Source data

::::::::

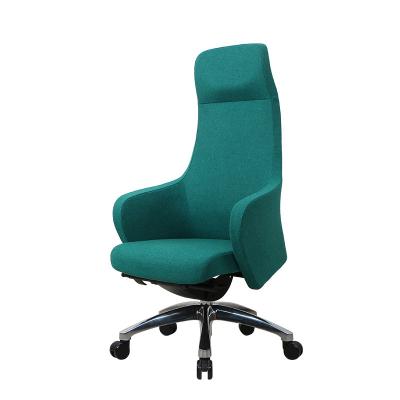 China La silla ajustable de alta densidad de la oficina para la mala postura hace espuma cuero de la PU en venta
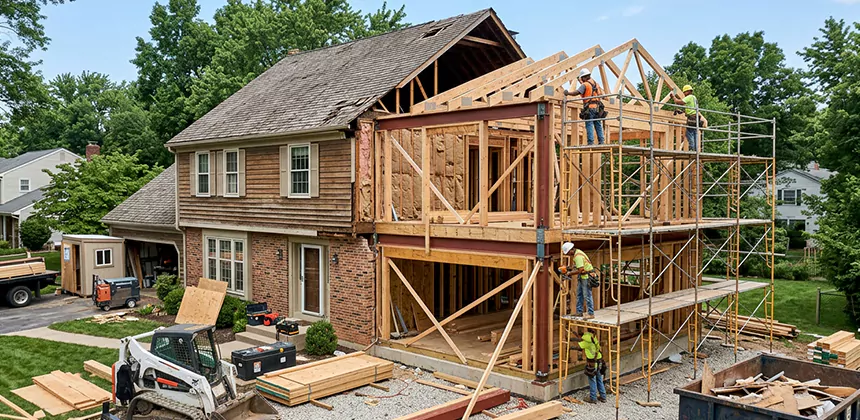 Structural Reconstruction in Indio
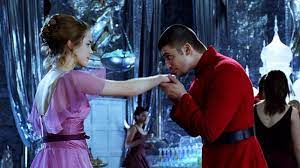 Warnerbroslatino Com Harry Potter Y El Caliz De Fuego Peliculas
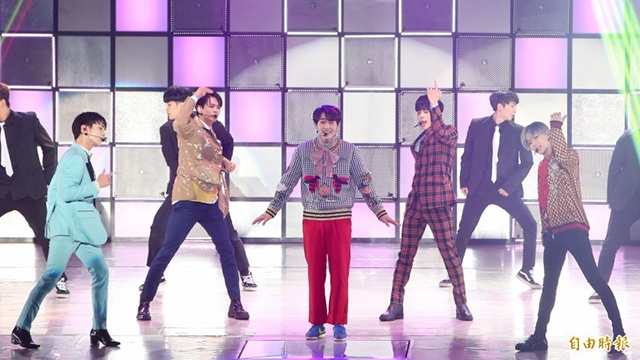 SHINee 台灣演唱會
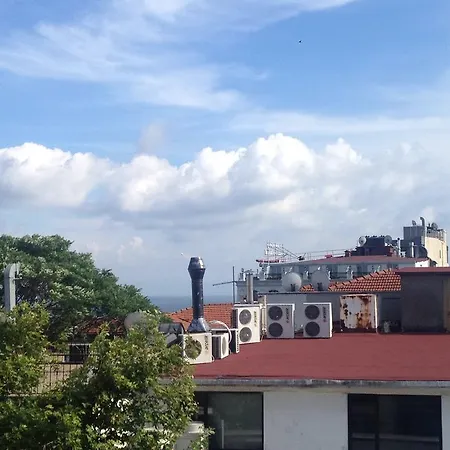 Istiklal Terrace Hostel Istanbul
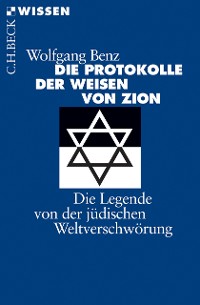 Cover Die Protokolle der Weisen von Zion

::::::::

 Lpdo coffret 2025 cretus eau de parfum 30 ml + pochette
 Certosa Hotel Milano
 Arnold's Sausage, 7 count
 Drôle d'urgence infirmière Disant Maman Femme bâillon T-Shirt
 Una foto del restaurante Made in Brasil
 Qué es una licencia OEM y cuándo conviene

::::::::

### Task goal
An exact transcription is needed of the lines from the one with "Istiklal Terrace Hostel Istanbul" to the one with "Cover Die Protokolle der Weisen von Zion" above, both ends included, with pictures left out.

### Reply
 Istiklal Terrace Hostel Istanbul
 Cover Die Protokolle der Weisen von Zion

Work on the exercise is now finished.